++++ Input data
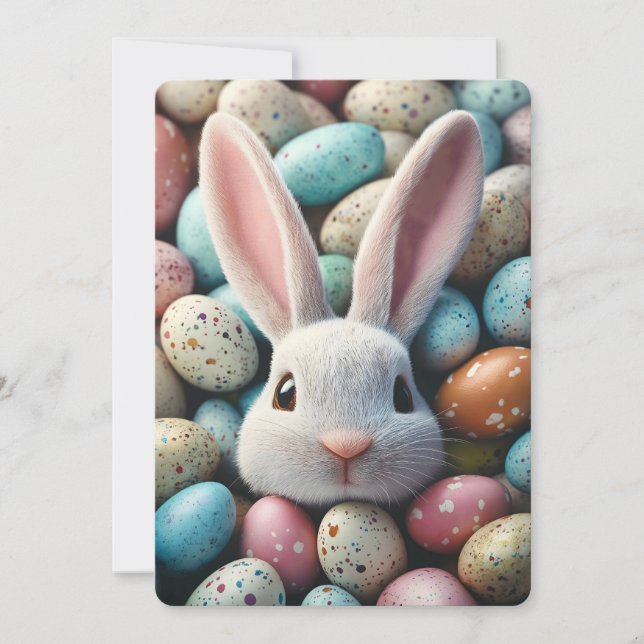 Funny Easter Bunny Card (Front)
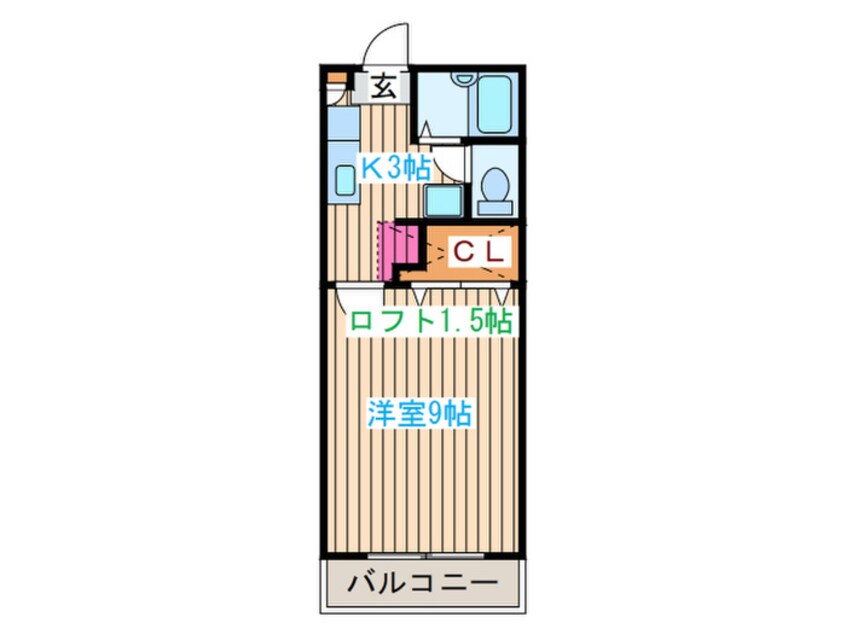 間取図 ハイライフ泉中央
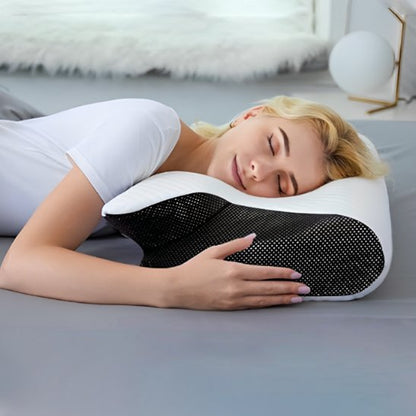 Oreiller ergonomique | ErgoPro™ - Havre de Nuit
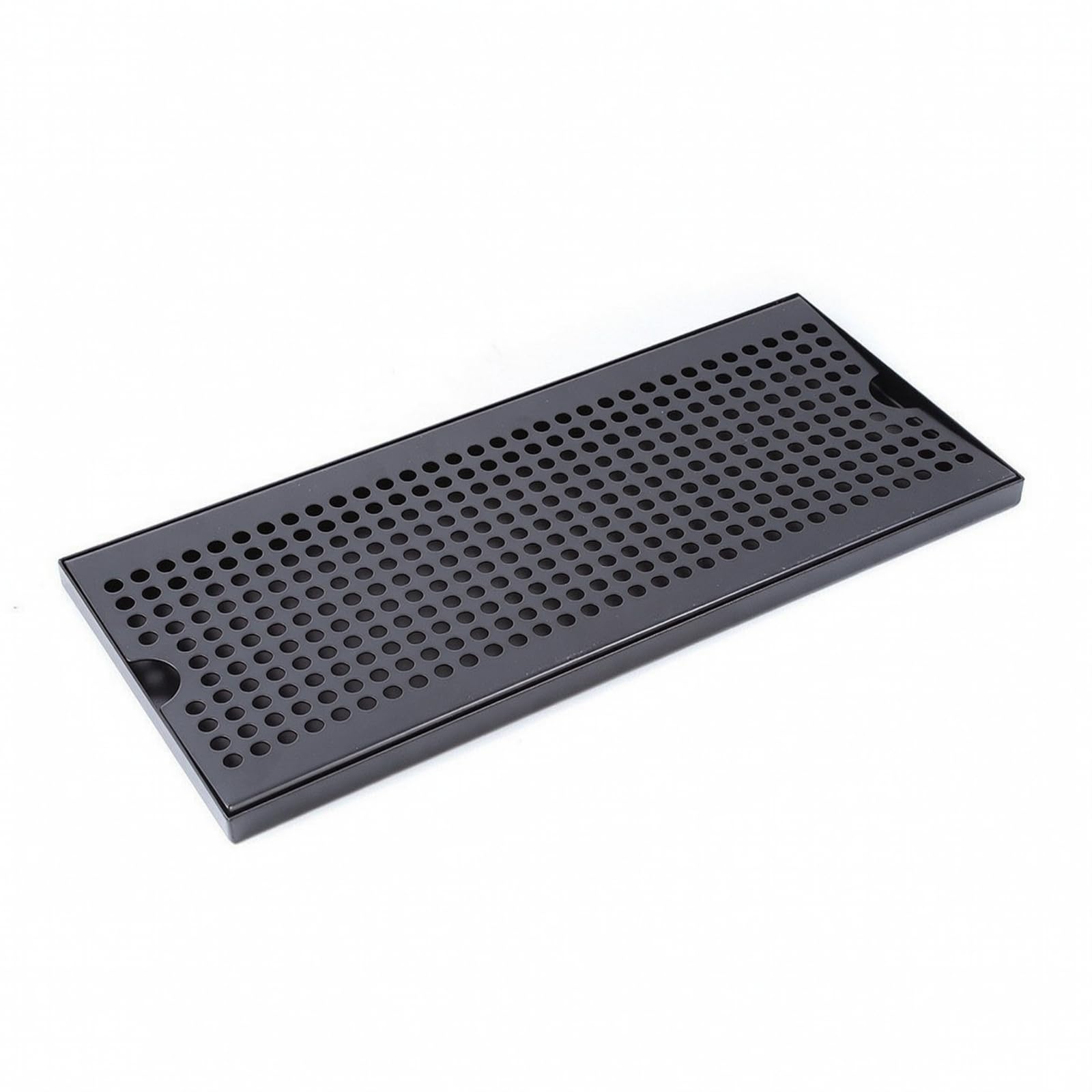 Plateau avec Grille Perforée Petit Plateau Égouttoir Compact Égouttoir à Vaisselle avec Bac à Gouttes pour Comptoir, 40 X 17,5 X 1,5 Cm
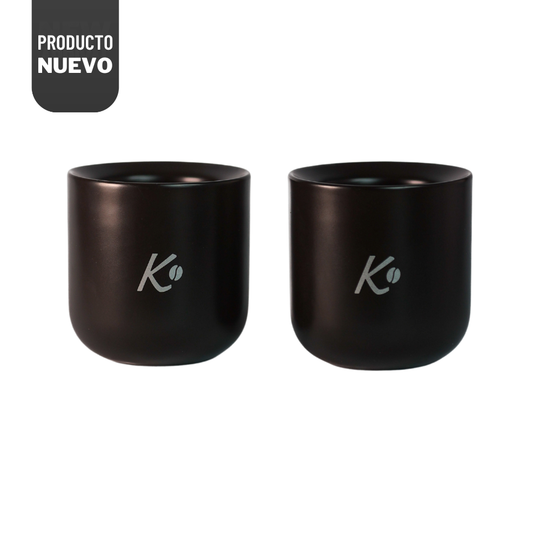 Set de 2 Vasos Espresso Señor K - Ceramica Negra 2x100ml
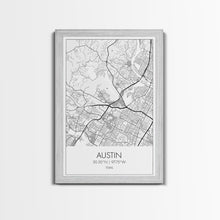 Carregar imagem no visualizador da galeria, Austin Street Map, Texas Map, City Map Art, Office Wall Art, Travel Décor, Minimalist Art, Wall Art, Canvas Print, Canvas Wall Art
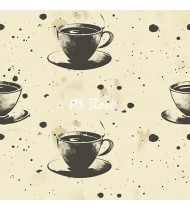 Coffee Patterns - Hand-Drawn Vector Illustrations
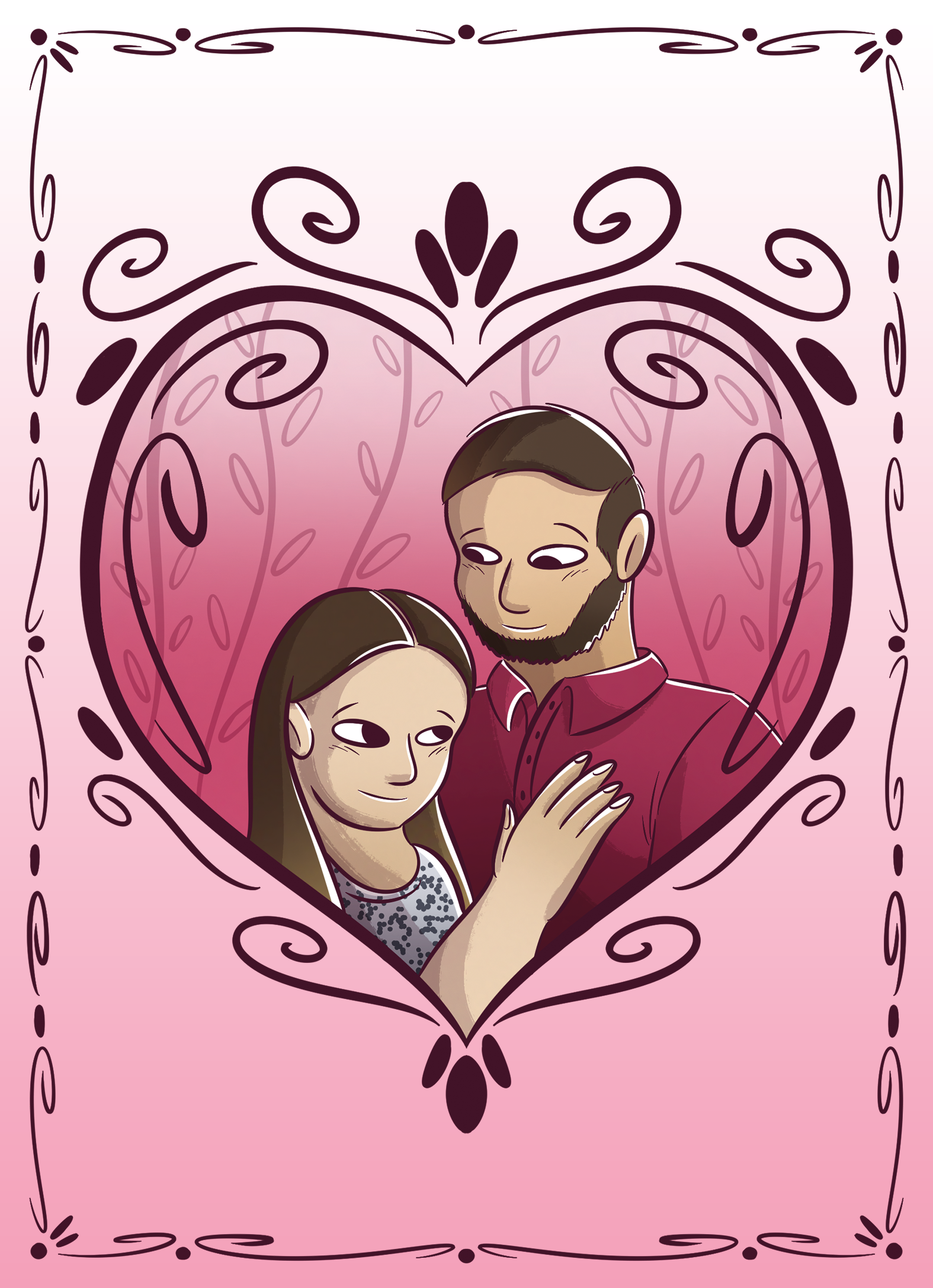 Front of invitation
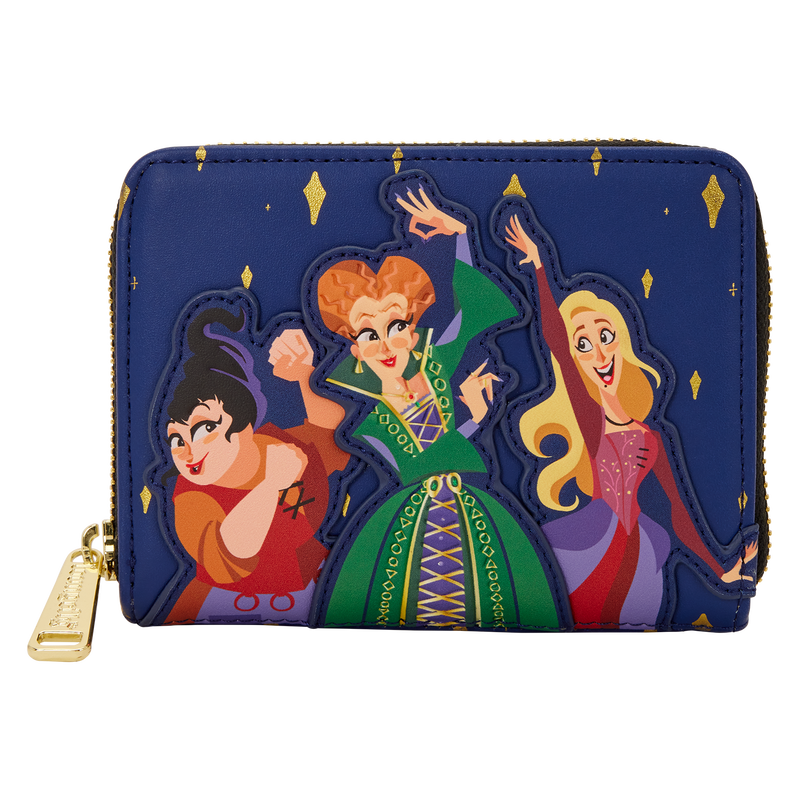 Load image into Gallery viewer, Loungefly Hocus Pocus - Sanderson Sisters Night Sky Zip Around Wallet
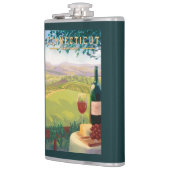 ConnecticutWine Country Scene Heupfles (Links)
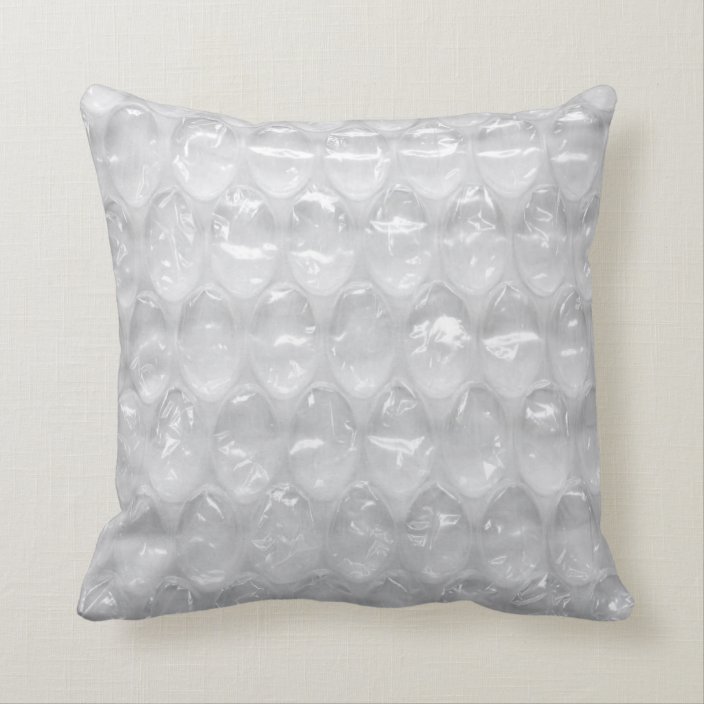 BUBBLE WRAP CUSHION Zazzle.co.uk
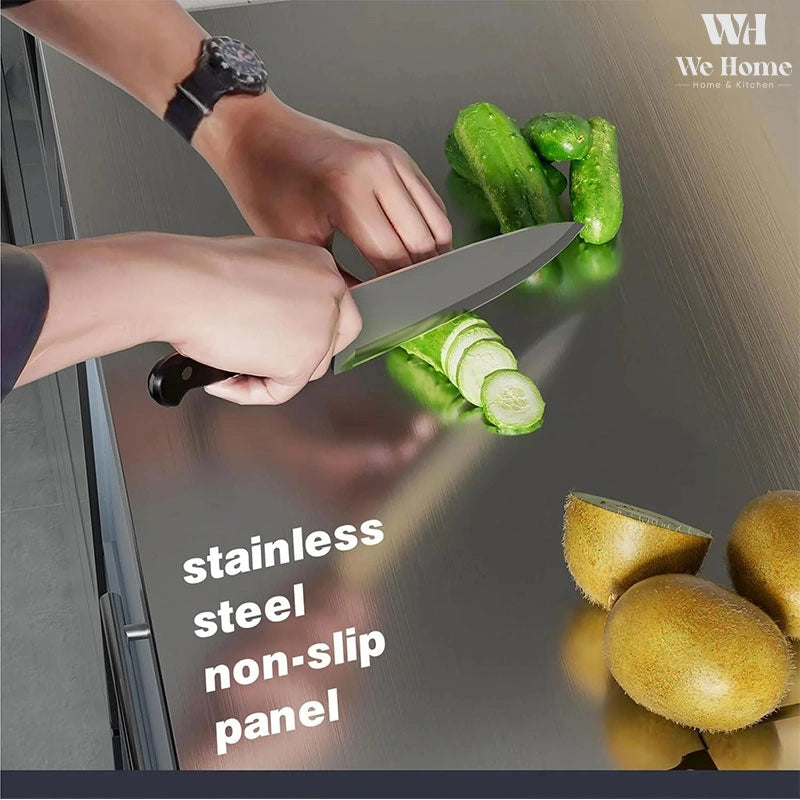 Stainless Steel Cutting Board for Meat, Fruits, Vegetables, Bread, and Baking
++++++++
Goal of the exercise
Beginning at the line that contains "Coffee Patterns - Hand-Drawn" and ending at the last line of the data, return each line exactly; no picture belongs in the copy.

Answer section
 Coffee Patterns - Hand-Drawn Vector Illustrations
 Front of invitation
 Load image into Gallery viewer, Loungefly Hocus Pocus - Sanderson Sisters Night Sky Zip Around Wallet
 ConnecticutWine Country Scene Heupfles (Links)
 BUBBLE WRAP CUSHION Zazzle.co.uk
 Stainless Steel Cutting Board for Meat, Fruits, Vegetables, Bread, and Baking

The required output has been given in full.